Portanto, o que se pôde ver na cobertura do JA foi o esforço plástico de busca impertinente por uma objetividade e uma neutralidade abstrata, que servem a lei do livre mercado, em que a RBS é prestadora de serviço público (o direito a informação para quem não lembra) e o confere tendo em primeiro plano o capital e o poder. Aliás, capital é poder. E poder é mais capital.
Então, na impecável cobertura que trouxe à margem todos os ângulos da notícia, surgem criações estereotipadas sobre trabalhadores furiosos, enveredando pelos caminhos do “radicalismo” e da ilegalidade. E uma imprensa séria, também estereotipada, que defende o povo, mas o faz sob a égide da culpabilização do próprio povo. Imprensa fada-madrinha, que limpa a barra do patrão e do governo, parte do mesmo grupo de poder. Bem-vindo à hegemonia. Do capital, da mídia, dos jogos de palavras.
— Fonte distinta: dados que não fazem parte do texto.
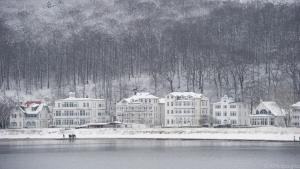 Der Binzer Strand kann auch im Winter schön sein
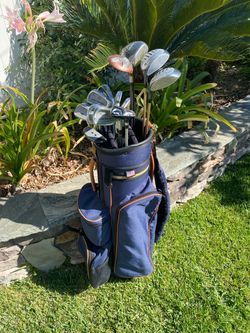 Very Gd Cond Starter 15 Complete Golf Club Set W/ Bag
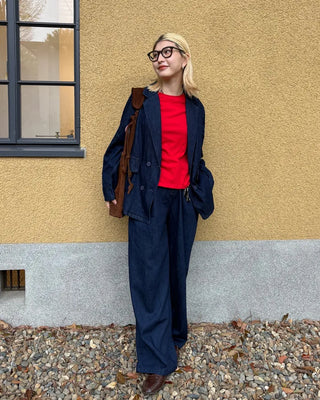 Semi-Cropped Basic Half T-Shirt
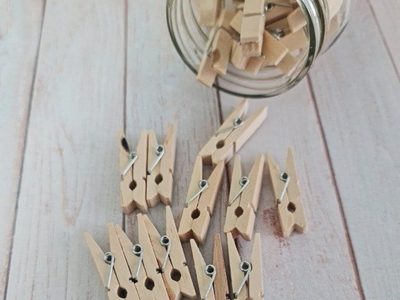 No se te ocurra tirar los broches viejos de la ropa: creá esta original idea para decorar tu casa sin gastar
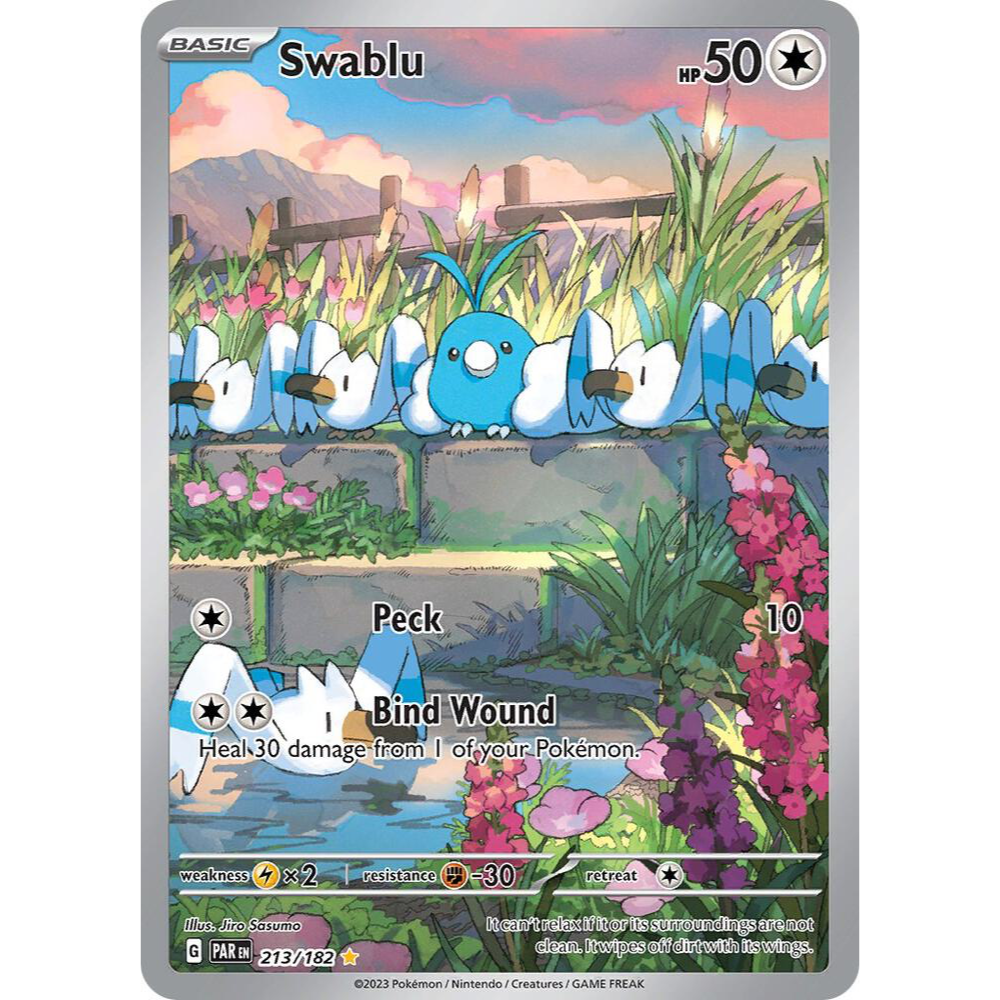 Swablu 213/182 Paradox Rift Illustration Rare NM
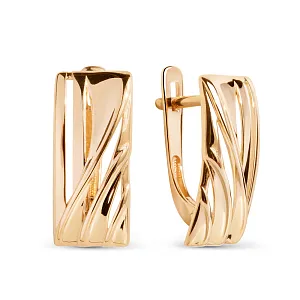 Серьги из красного золота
O JA nos dá uma importante lição de como manter as coisas como estão. E o fazem todos os dias, criando pseudo-indignações populares para justificar a grande passividade social que são responsáveis por manter. A autodenominação neutra, imparcial e objetiva é uma posição, em defesa do hegemônico, de uma classe que não é a que pertence a maioria de nós.